Hardest part there is the physical smuggling and that may be a lot easier than we imagine, especially in a culture that presumes all staffers believe in the mission and integrity of court.
That would make it harder but not impossible to track you down. Keep in mind there are cameras everywhere these days. Even though you used cash, the business is going to have video of your purchase. (That is what got the hoaxers in the Jussie fake hate crime case.) And many other trails are being created every time you try to start a process to stop traceability.

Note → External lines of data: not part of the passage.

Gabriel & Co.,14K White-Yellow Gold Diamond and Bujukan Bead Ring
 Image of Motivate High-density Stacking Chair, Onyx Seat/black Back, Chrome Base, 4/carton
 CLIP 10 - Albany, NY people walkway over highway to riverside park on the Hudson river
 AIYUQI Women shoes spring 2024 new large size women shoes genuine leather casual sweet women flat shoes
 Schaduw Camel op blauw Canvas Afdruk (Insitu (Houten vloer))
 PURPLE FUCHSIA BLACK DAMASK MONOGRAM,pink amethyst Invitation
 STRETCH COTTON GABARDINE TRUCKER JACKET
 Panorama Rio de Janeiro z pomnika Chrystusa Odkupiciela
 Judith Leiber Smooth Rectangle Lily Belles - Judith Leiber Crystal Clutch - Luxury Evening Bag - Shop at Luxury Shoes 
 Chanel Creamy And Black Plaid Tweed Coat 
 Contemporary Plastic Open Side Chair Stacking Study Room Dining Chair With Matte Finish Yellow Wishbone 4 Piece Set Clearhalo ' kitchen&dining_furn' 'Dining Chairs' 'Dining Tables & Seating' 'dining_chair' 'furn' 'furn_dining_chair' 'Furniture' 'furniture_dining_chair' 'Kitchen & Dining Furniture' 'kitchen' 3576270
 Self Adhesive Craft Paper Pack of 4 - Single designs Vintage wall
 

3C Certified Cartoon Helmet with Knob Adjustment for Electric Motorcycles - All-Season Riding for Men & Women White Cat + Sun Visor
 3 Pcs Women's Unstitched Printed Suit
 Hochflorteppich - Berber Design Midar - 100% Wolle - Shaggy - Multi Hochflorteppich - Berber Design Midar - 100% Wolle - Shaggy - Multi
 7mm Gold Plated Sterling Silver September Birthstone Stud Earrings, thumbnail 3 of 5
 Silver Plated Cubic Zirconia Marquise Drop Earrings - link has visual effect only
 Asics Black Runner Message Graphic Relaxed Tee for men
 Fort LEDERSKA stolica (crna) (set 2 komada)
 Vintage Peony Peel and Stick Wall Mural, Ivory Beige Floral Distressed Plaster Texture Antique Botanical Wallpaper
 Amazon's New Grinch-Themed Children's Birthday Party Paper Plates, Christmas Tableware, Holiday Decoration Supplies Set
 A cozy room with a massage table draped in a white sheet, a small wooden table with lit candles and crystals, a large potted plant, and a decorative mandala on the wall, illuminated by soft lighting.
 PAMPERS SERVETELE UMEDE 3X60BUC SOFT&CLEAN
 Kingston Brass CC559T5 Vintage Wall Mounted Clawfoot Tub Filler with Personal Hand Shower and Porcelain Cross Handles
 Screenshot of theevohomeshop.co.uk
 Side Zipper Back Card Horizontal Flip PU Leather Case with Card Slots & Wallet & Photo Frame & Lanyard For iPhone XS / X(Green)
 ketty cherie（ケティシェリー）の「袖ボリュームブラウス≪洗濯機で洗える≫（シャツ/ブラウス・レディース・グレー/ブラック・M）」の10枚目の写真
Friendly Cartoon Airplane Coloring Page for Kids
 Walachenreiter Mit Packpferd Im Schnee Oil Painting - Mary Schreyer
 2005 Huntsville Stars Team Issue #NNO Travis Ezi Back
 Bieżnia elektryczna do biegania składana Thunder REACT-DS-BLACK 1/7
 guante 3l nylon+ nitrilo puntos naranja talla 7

Sure your scenario is better but not infallible. A diligent investigation is going to come up with enough to at least charge you. Maybe you can shake out reasonable doubt without a lot of physical evidence, but they are going to be able to place you close to a document at around the time it disappeared (or is thought to have done so) and enough supporting evidence that would lean heavily on the fact you did it. Yeah they don't have you red handed, but if they have you buying a laptop, scanner, usb key drive which you magically no longer have along with tracing metadata of your email back to whatever public wifi which between video, geofencing, and third parties will probably have a least one corroborating, piece of evidence you were there, I think any reasonable jury is probably going to think you did it.
I don’t disagree, my point is that the resources needed to track this down go beyond the IT team. The IT team loses value quickly when the electronic signals are divorced from the organization’s infrastructure.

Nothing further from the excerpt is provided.